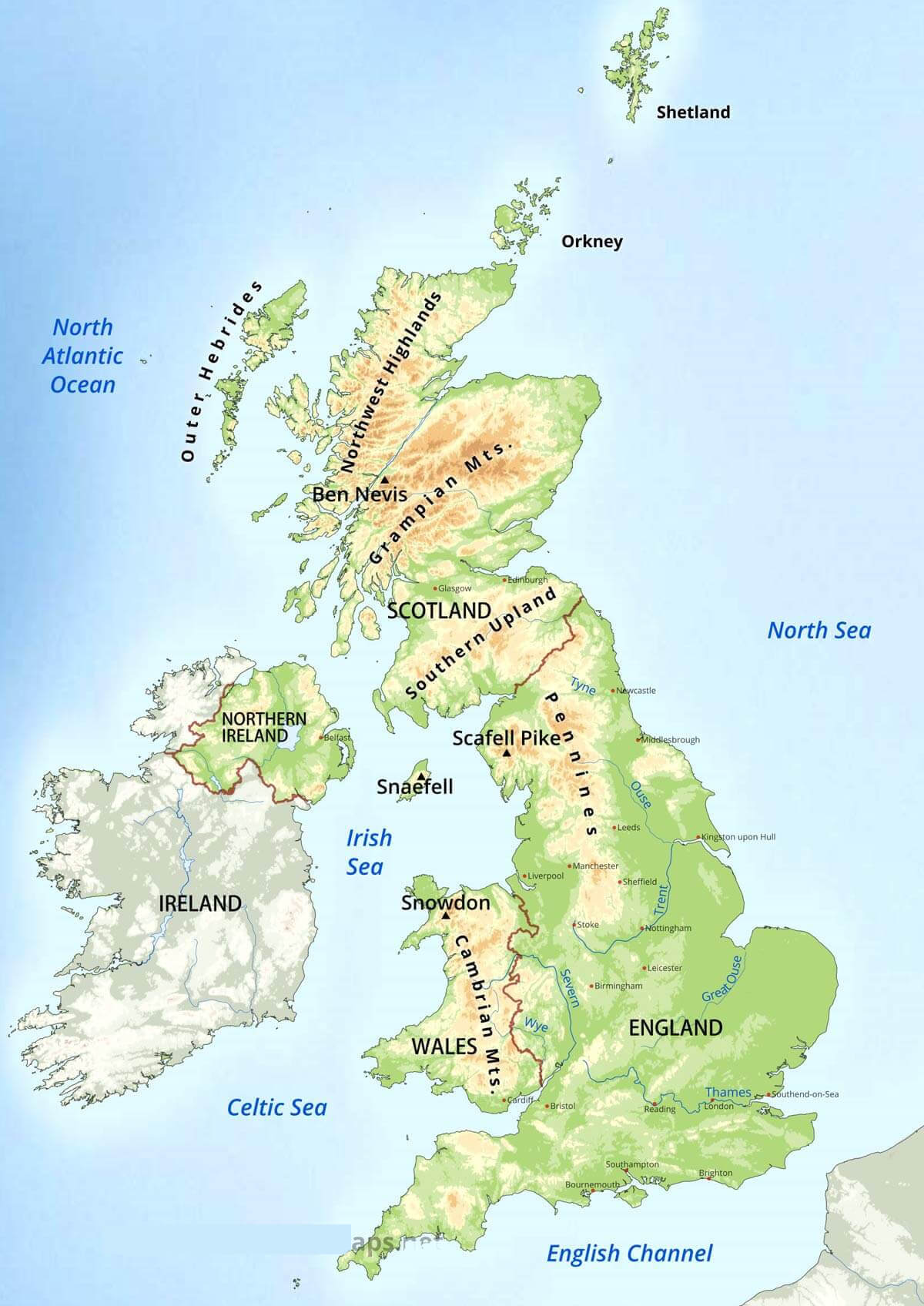 England Physical Map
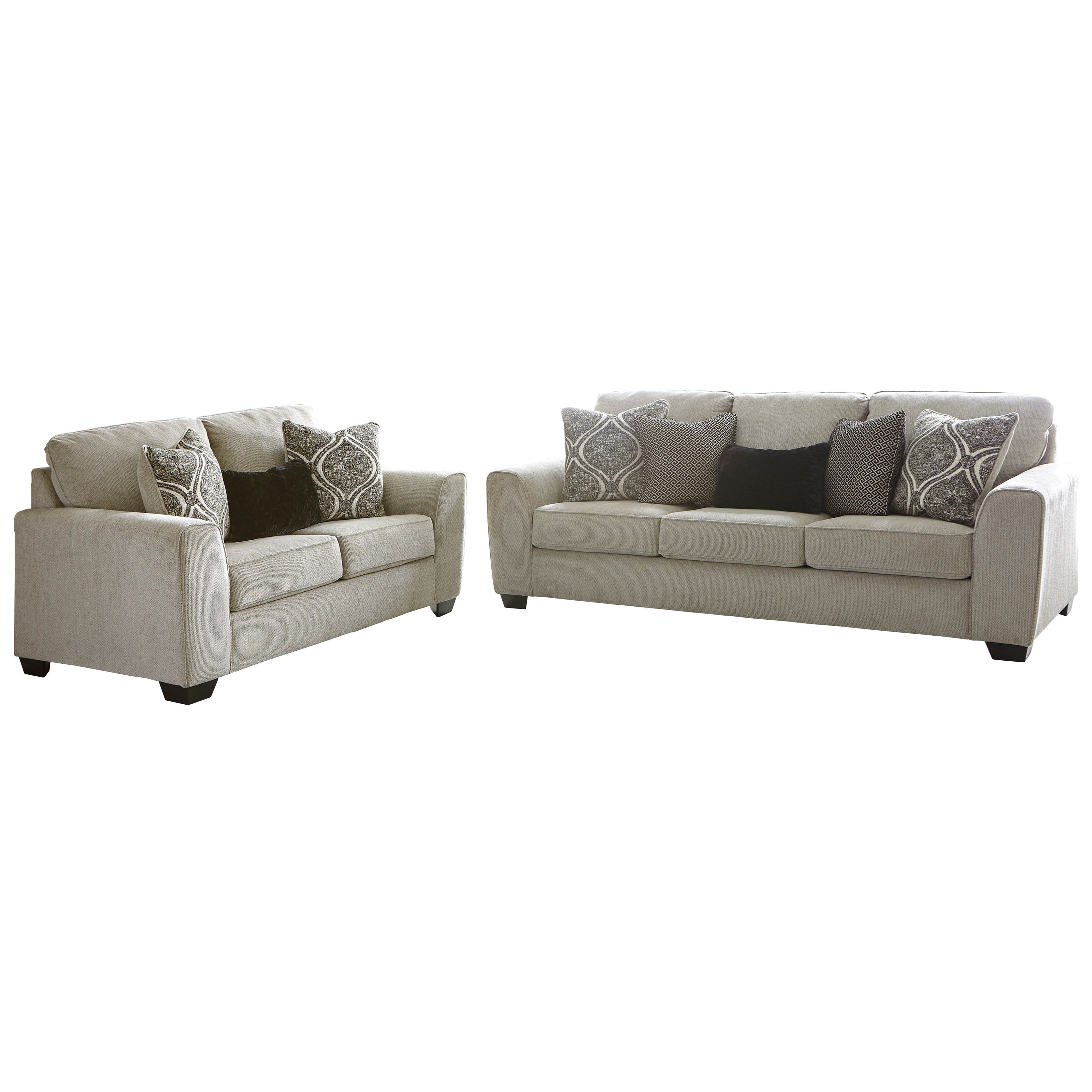 Benchcraft Parlston Contemporary Sofa With Five Toss Pillows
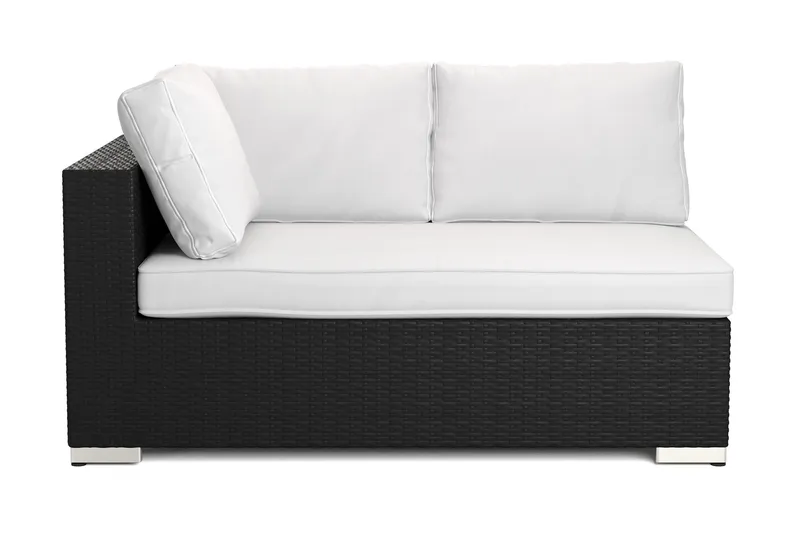 Bahamas Högermodul utomhus 140 cm i konstrotting - Svart — Comfort Garden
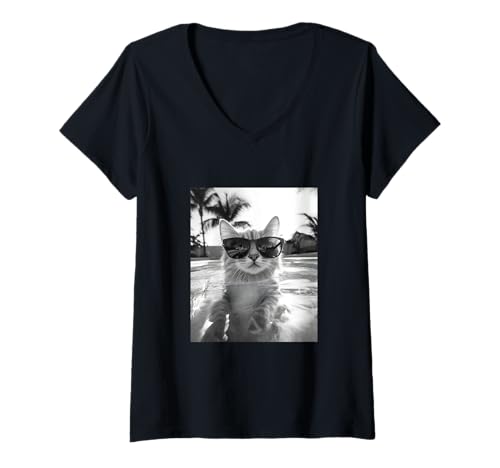 Damen Katze trägt Sonnenbrille in einem Pool T-Shirt mit V-Ausschnitt Damen Katze trägt Sonnenbrille in einem Pool T-Shirt mit V-Ausschnitt von Cute and Summery Animal Designs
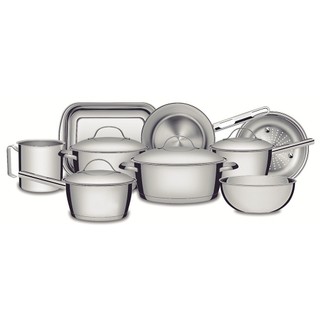 Jogo De Panelas Allegra Aço Inox Com Fundo Triplo 9 Peças Tramontina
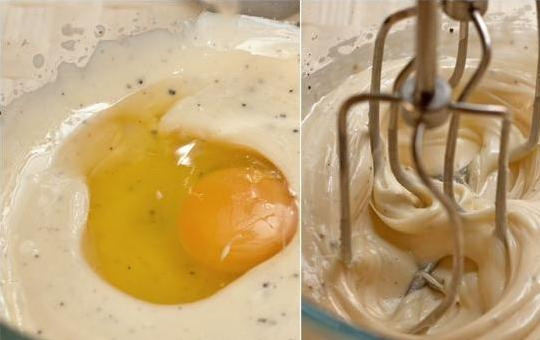 1. Этап. Печеночный пирог: 2. Далее добавьте к этой смеси 1 яйцо и продолжайте взбивать до получения легкой кремообразной консистенции.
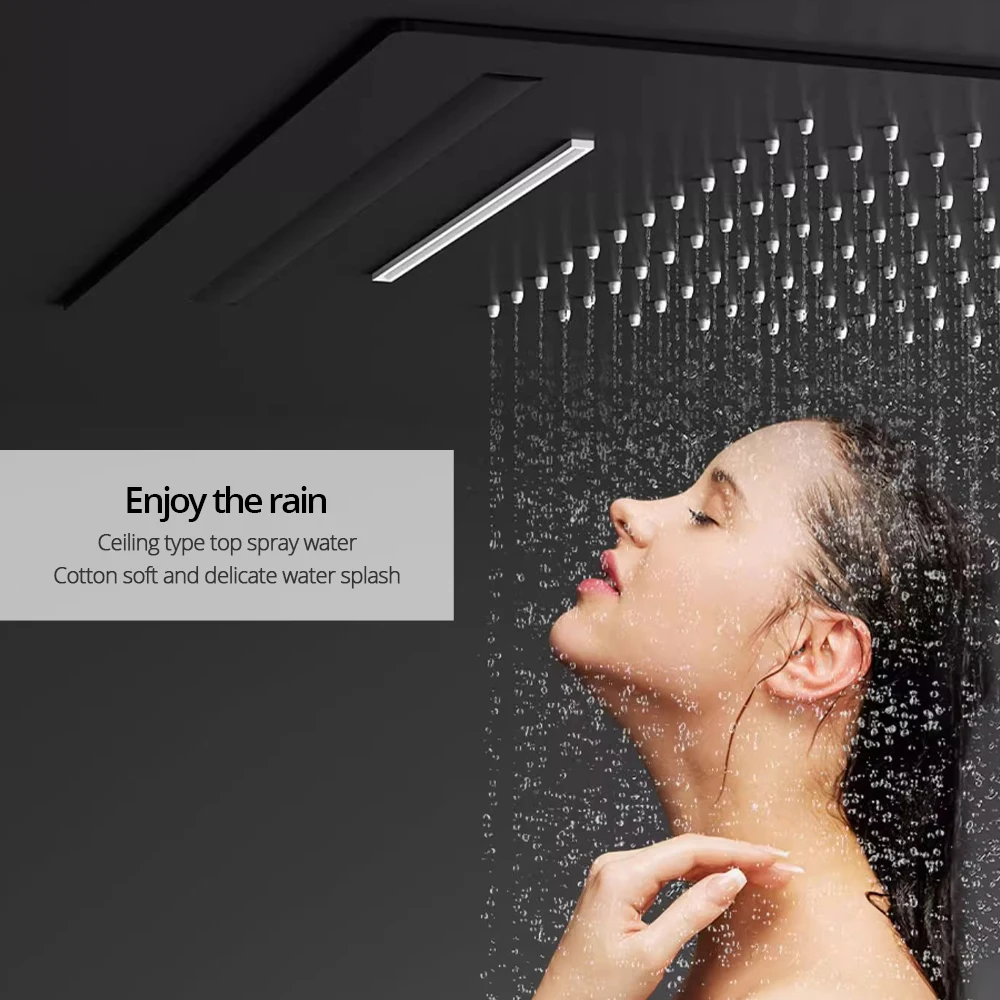 Embedded box Thermostatic Shower Faucet Gunmetal Ceiling Shower Head & Shelf Wall Mounted Mixer Tap Hot And cold Bathroom Tap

========================================================================

● TASK OBJECTIVE
For this exercise, return the data above exactly and leave every picture out.

● SOLUTION BELOW
 England Physical Map
 Benchcraft Parlston Contemporary Sofa With Five Toss Pillows
 Bahamas Högermodul utomhus 140 cm i konstrotting - Svart — Comfort Garden
 Damen Katze trägt Sonnenbrille in einem Pool T-Shirt mit V-Ausschnitt Damen Katze trägt Sonnenbrille in einem Pool T-Shirt mit V-Ausschnitt von Cute and Summery Animal Designs
 Jogo De Panelas Allegra Aço Inox Com Fundo Triplo 9 Peças Tramontina
 1. Этап. Печеночный пирог: 2. Далее добавьте к этой смеси 1 яйцо и продолжайте взбивать до получения легкой кремообразной консистенции.
 Embedded box Thermostatic Shower Faucet Gunmetal Ceiling Shower Head & Shelf Wall Mounted Mixer Tap Hot And cold Bathroom Tap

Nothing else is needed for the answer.